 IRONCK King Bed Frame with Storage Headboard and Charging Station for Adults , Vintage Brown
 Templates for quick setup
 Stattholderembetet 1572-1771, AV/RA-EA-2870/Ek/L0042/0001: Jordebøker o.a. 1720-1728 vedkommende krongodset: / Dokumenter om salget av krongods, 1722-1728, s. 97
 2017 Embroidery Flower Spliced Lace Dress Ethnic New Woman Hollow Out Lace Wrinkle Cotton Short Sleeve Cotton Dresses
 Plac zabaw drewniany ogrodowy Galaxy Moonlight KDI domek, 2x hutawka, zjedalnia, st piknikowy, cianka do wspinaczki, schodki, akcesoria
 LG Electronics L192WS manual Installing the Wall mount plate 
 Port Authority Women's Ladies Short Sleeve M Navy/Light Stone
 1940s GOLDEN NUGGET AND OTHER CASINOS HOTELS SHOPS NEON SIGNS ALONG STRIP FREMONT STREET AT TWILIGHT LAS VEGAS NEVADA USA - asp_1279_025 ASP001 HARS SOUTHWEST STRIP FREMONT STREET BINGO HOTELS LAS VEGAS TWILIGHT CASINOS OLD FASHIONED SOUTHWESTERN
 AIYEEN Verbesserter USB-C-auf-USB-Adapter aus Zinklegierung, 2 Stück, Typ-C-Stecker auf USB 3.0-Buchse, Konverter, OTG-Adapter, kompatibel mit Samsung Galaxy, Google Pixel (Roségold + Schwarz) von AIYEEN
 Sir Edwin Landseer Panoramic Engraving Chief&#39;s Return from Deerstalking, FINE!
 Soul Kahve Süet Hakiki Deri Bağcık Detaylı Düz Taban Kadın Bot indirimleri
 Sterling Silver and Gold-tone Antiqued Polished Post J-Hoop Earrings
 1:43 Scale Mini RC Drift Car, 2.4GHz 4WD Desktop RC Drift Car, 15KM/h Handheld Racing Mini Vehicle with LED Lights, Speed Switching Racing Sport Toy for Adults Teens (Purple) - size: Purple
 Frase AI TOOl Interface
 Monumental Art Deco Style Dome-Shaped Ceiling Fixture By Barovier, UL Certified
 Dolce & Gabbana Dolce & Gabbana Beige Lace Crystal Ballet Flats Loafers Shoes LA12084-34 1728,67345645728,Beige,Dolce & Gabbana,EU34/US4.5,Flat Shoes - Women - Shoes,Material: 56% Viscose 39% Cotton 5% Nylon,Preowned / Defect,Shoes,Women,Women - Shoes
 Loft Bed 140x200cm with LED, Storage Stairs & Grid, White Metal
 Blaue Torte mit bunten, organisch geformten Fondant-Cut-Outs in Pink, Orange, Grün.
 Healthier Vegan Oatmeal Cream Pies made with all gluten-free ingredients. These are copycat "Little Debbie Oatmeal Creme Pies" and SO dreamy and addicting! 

────────────────────

Copy every line of the records above that contains "Short".

_ANSWER SECTION:_
 2017 Embroidery Flower Spliced Lace Dress Ethnic New Woman Hollow Out Lace Wrinkle Cotton Short Sleeve Cotton Dresses
 Port Authority Women's Ladies Short Sleeve M Navy/Light Stone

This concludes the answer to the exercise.